10/06/2009

Le 7 juin belge

Les élections régionales de 2009 en Belgique auront apporté deux enseignements. D'une part, c'est l'électeur qui choisi ses élus et non les sondages. D'autre part, le Parti socialiste dans son ensemble a bien tenu le choc et a résisté aux attaques des libéraux qui ont axé leur campagne sur les affaires touchant le PS. Cependant, le recul du PS est indéniable sur l'ensemble de la Wallonie et en région bruxelloise.

De nombreuses analyses sont faites sur cette défaite. Pour toutes, les affaires des élus PS sont la cause de ce recul. Certes, ce facteur a joué un grand rôle mais réduire cette défaite à ce seul problème est une erreur. Certaines analyses attribuent le recul du PS a un simple phénomène sociologique ayant joué en faveur des écolos. Affirmer cela c'est soit méconnaître les jeux politiques, soit ne pas être en mesure de décortiquer le phénomène.

En tant que militant socialiste, je pense que cette défaite est surtout due aux pratiques et méthodes ayant cours au sein du PS. A côté des problèmes éthiques et des affaires, le fonctionnement actuel pose un réel problème.  En effet, quand les pratiques et les méthodes consistent d'abord et avant tout à consolider le pouvoir absolu du chef, le recul sur le terrain devient une chose évidente.  

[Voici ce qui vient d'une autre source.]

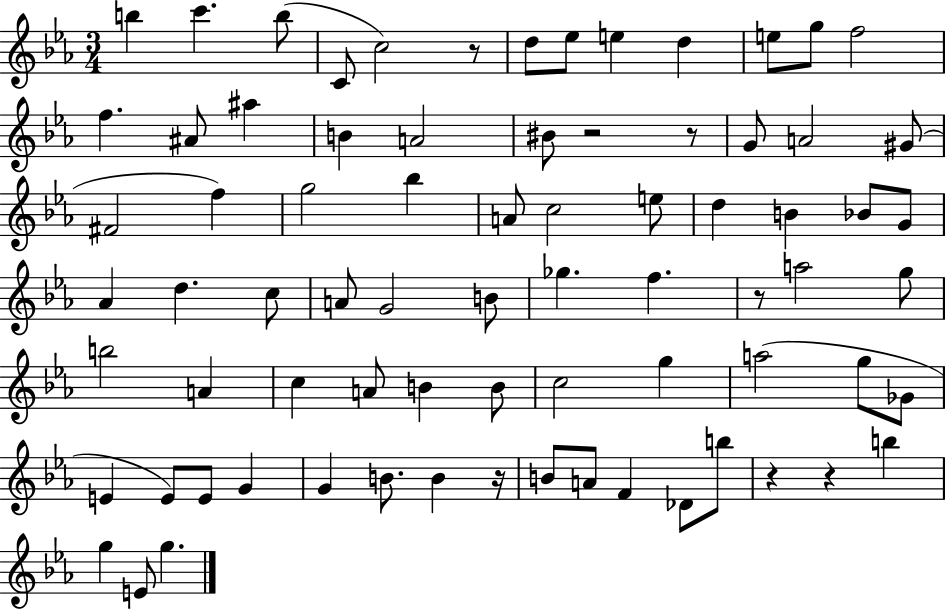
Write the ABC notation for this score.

X:1
T:Untitled
M:3/4
L:1/4
K:Eb
b c' b/2 C/2 c2 z/2 d/2 _e/2 e d e/2 g/2 f2 f ^A/2 ^a B A2 ^B/2 z2 z/2 G/2 A2 ^G/2 ^F2 f g2 _b A/2 c2 e/2 d B _B/2 G/2 _A d c/2 A/2 G2 B/2 _g f z/2 a2 g/2 b2 A c A/2 B B/2 c2 g a2 g/2 _G/2 E E/2 E/2 G G B/2 B z/4 B/2 A/2 F _D/2 b/2 z z b g E/2 g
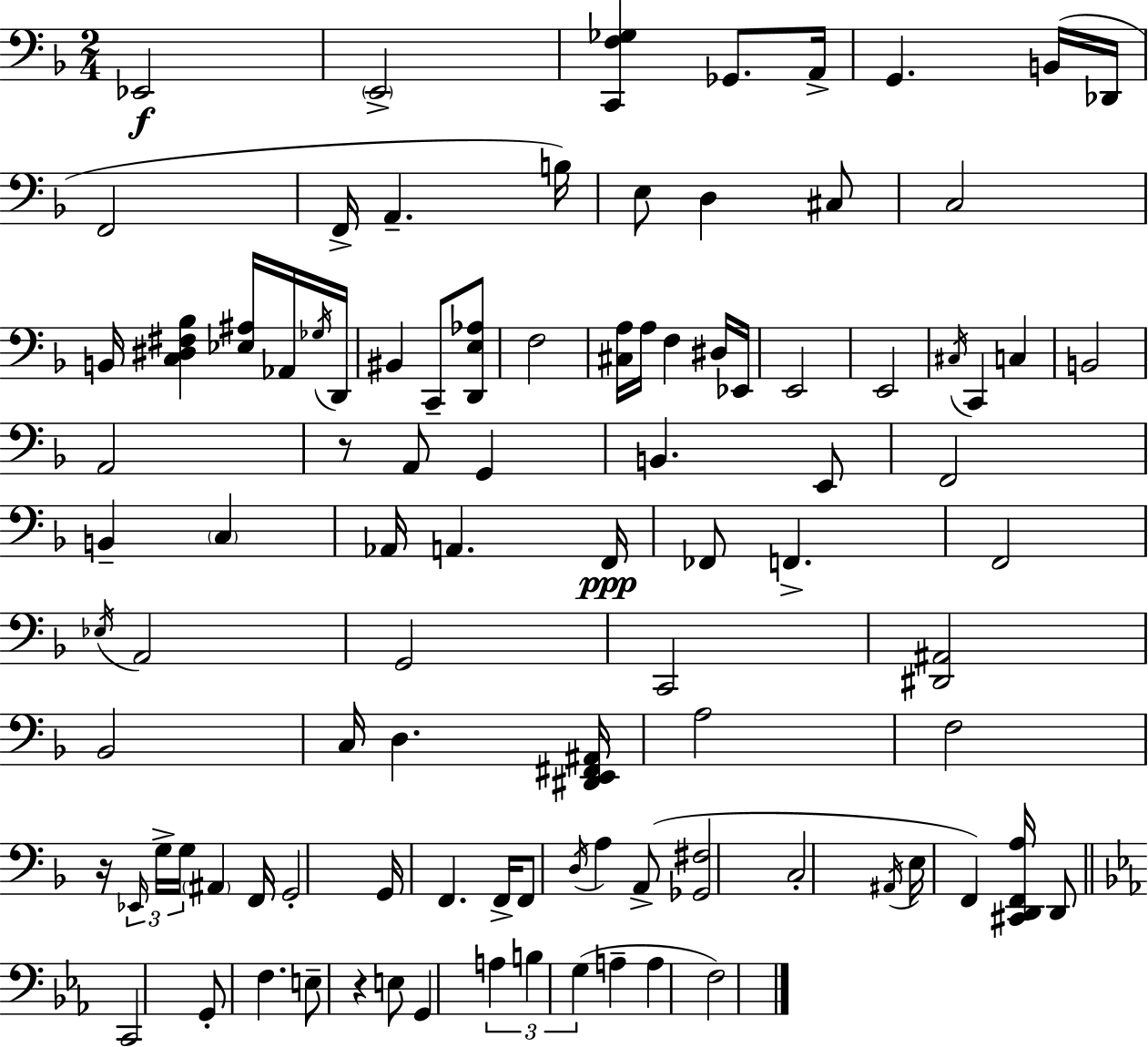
X:1
T:Untitled
M:2/4
L:1/4
K:F
_E,,2 E,,2 [C,,F,_G,] _G,,/2 A,,/4 G,, B,,/4 _D,,/4 F,,2 F,,/4 A,, B,/4 E,/2 D, ^C,/2 C,2 B,,/4 [C,^D,^F,_B,] [_E,^A,]/4 _A,,/4 _G,/4 D,,/4 ^B,, C,,/2 [D,,E,_A,]/2 F,2 [^C,A,]/4 A,/4 F, ^D,/4 _E,,/4 E,,2 E,,2 ^C,/4 C,, C, B,,2 A,,2 z/2 A,,/2 G,, B,, E,,/2 F,,2 B,, C, _A,,/4 A,, F,,/4 _F,,/2 F,, F,,2 _E,/4 A,,2 G,,2 C,,2 [^D,,^A,,]2 _B,,2 C,/4 D, [^D,,E,,^F,,^A,,]/4 A,2 F,2 z/4 _E,,/4 G,/4 G,/4 ^A,, F,,/4 G,,2 G,,/4 F,, F,,/4 F,,/2 D,/4 A, A,,/2 [_G,,^F,]2 C,2 ^A,,/4 E,/4 F,, [^C,,D,,F,,A,]/4 D,,/2 C,,2 G,,/2 F, E,/2 z E,/2 G,, A, B, G, A, A, F,2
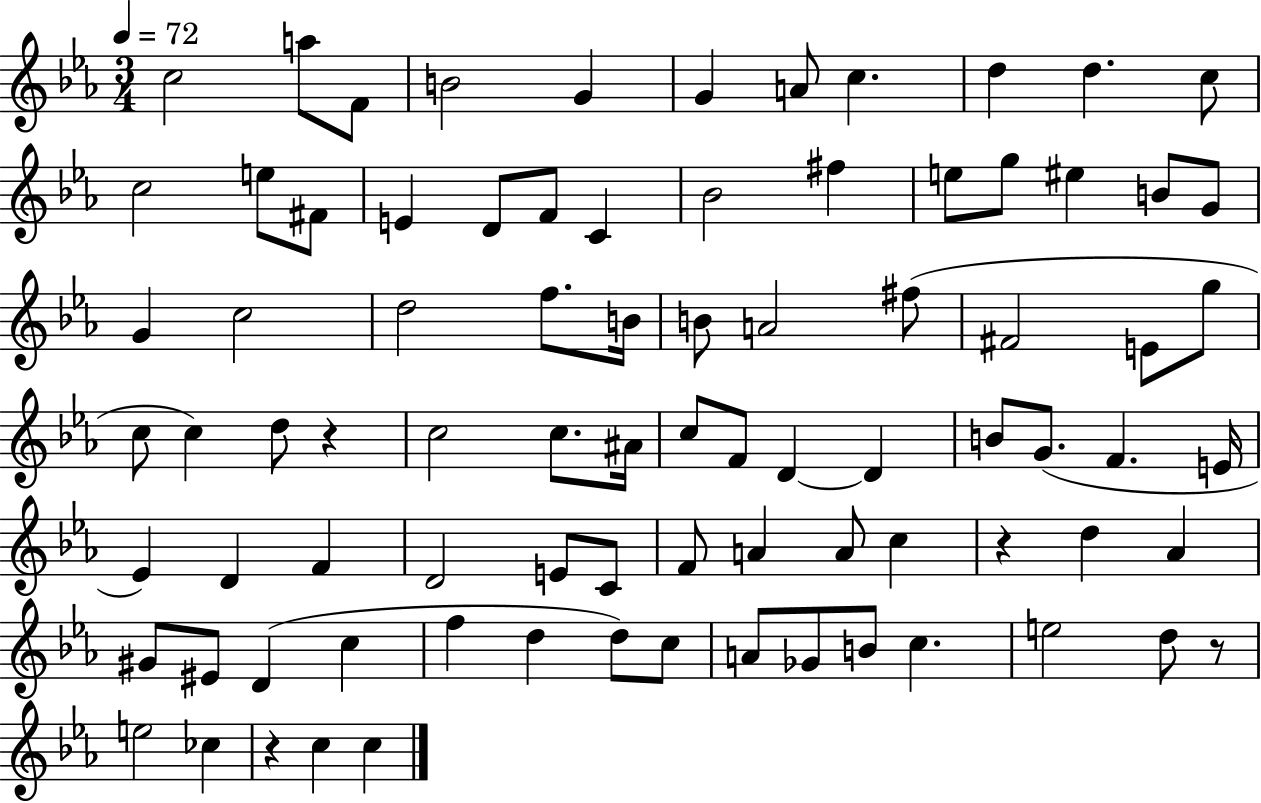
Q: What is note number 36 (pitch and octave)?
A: G5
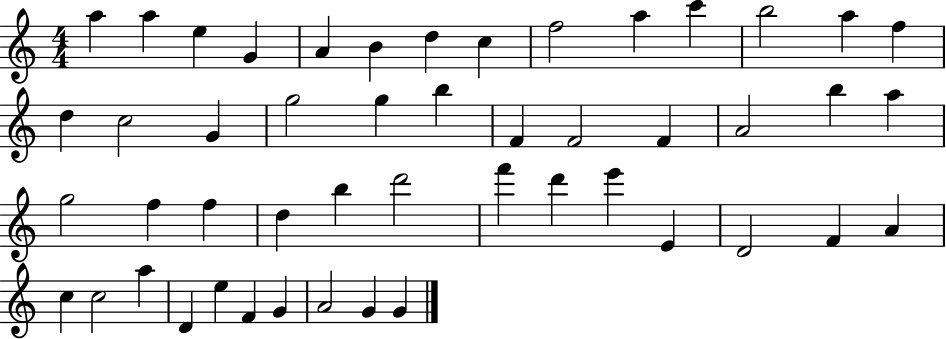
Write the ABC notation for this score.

X:1
T:Untitled
M:4/4
L:1/4
K:C
a a e G A B d c f2 a c' b2 a f d c2 G g2 g b F F2 F A2 b a g2 f f d b d'2 f' d' e' E D2 F A c c2 a D e F G A2 G G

Ainsi, c'est la stratégie en général qui est à mettre en cause. Le PS ne peut plus agir comme il a toujours fait jusqu'à présent. Il doit se reprendre en main, et pas nécessairement avec les mêmes, pour redevenir à nouveau fréquentable et capable d'inspirer confiance. Actuellement, le culte du chef occupe la part du lion au sein de notre Parti. Tout est mis en place pour faire taire les voix discordantes. Dès que le chef se sent en danger, des obligés que vous n'avez jamais rencontré durant les longues années de votre vie de militant apparaissent. Ceux là  vous donnent des leçons de militantisme et aide le chef dans votre mise à l'écart. Pire encore, dans certains cas, le Parti ne réagit pas quand certains de ces membres posent des actes contraires à ses valeurs de tolérance et d'antiracisme. Lorsqu'elles en sont averties, les instances supérieures du Parti se limitent à calmer le jeu dans le seul but d'étoufer l'affaire. Les gens de bon sens et militants depuis de nombreuses années quittent le navire et le nombre des affiliés et de sympathisants chute. Malgré tout, cela ne semble pas inquiéter ceux et celles qui cherchent avant tout le contrôle de l'appareil. La chasse aux camarades continue et on tente de chercher ailleurs les raisons de l'échec de notre Parti.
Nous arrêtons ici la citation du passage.